§ **Information shown**:
--- START ---

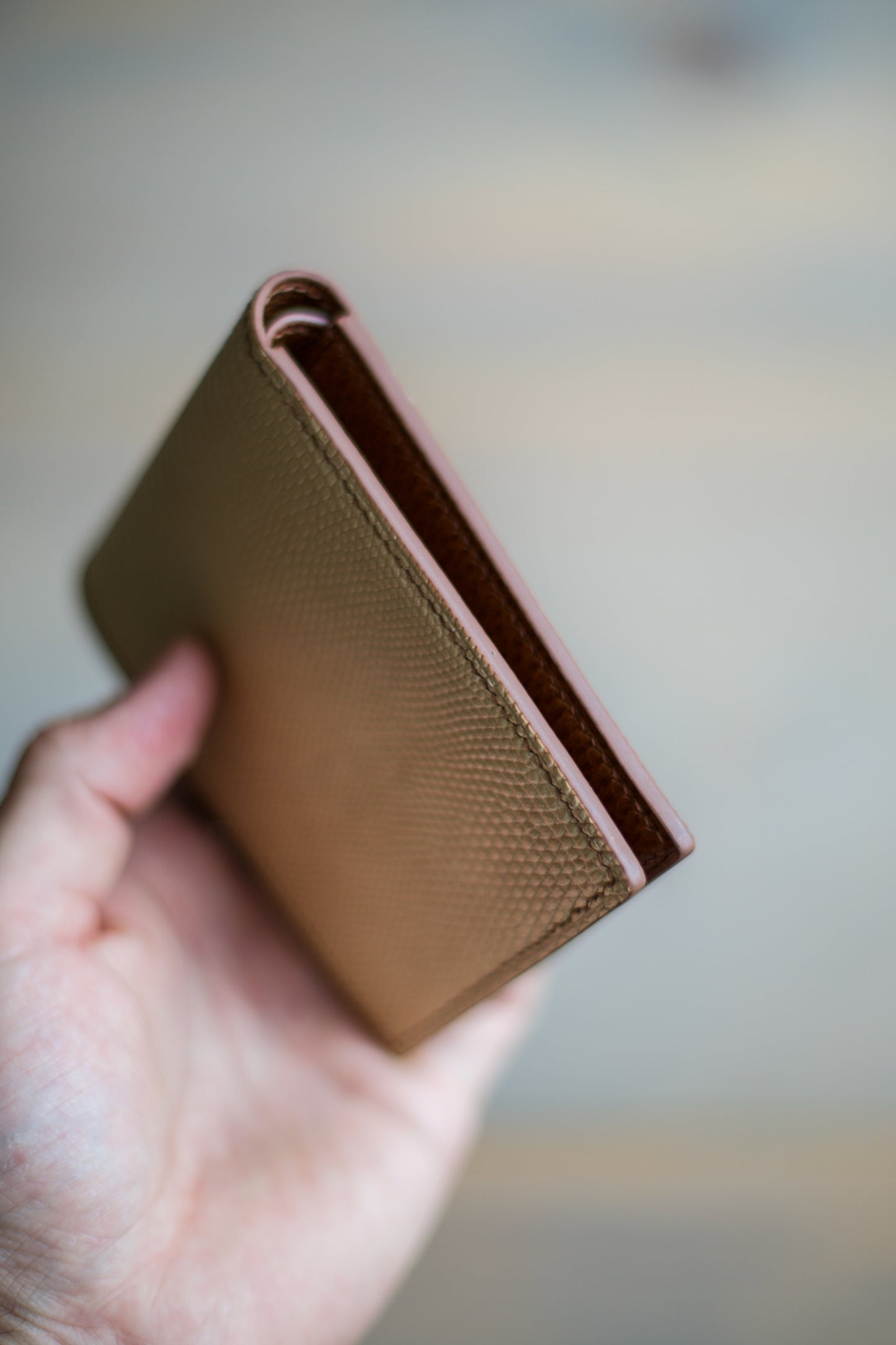 6 SLOT BIFOLD (brown Dollaro/ light gold lizard leather)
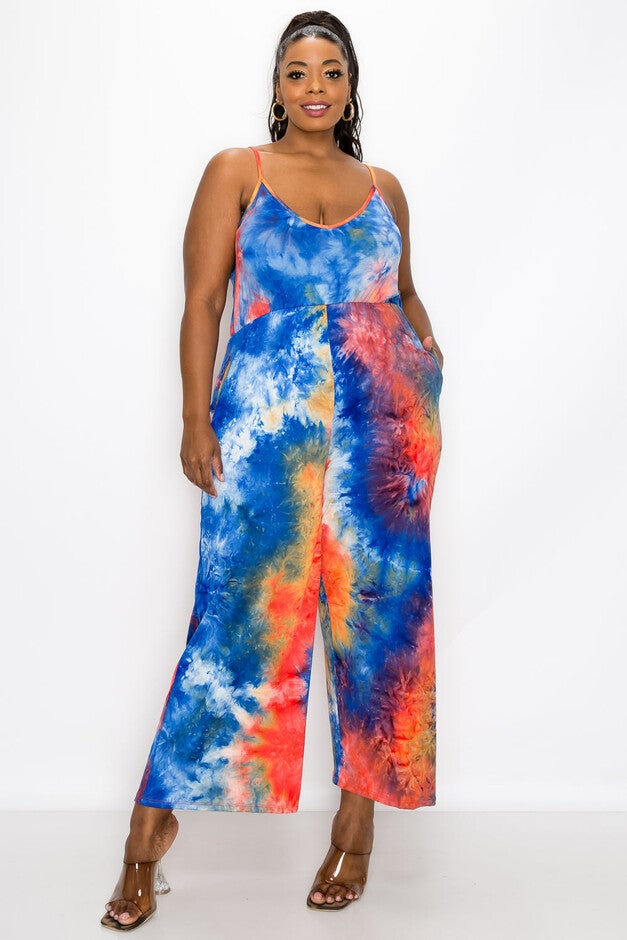 TIE DYE CAMI NECK WIDE LEGGED POCKET JUMPSUIT, RoyalRedOrange Tie Dye / Royal Blue, alternate image number 3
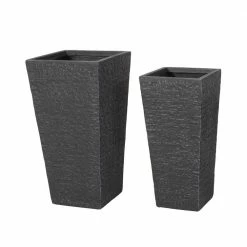 Noble House Hildreth 30 in. and 26.5 in. Tall Gray Lightweight Concrete Outdoor Planter Set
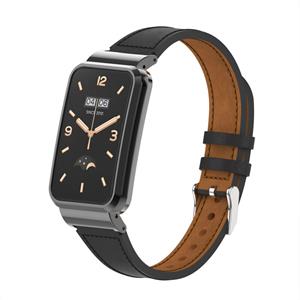 Strap-it Xiaomi Smart Band 7 Pro leren bandje (zwart)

--- END ---

Print all of the material exactly. Omit pictures.

§ **Task result**:
 6 SLOT BIFOLD (brown Dollaro/ light gold lizard leather)
 TIE DYE CAMI NECK WIDE LEGGED POCKET JUMPSUIT, RoyalRedOrange Tie Dye / Royal Blue, alternate image number 3
 Noble House Hildreth 30 in. and 26.5 in. Tall Gray Lightweight Concrete Outdoor Planter Set
 Strap-it Xiaomi Smart Band 7 Pro leren bandje (zwart)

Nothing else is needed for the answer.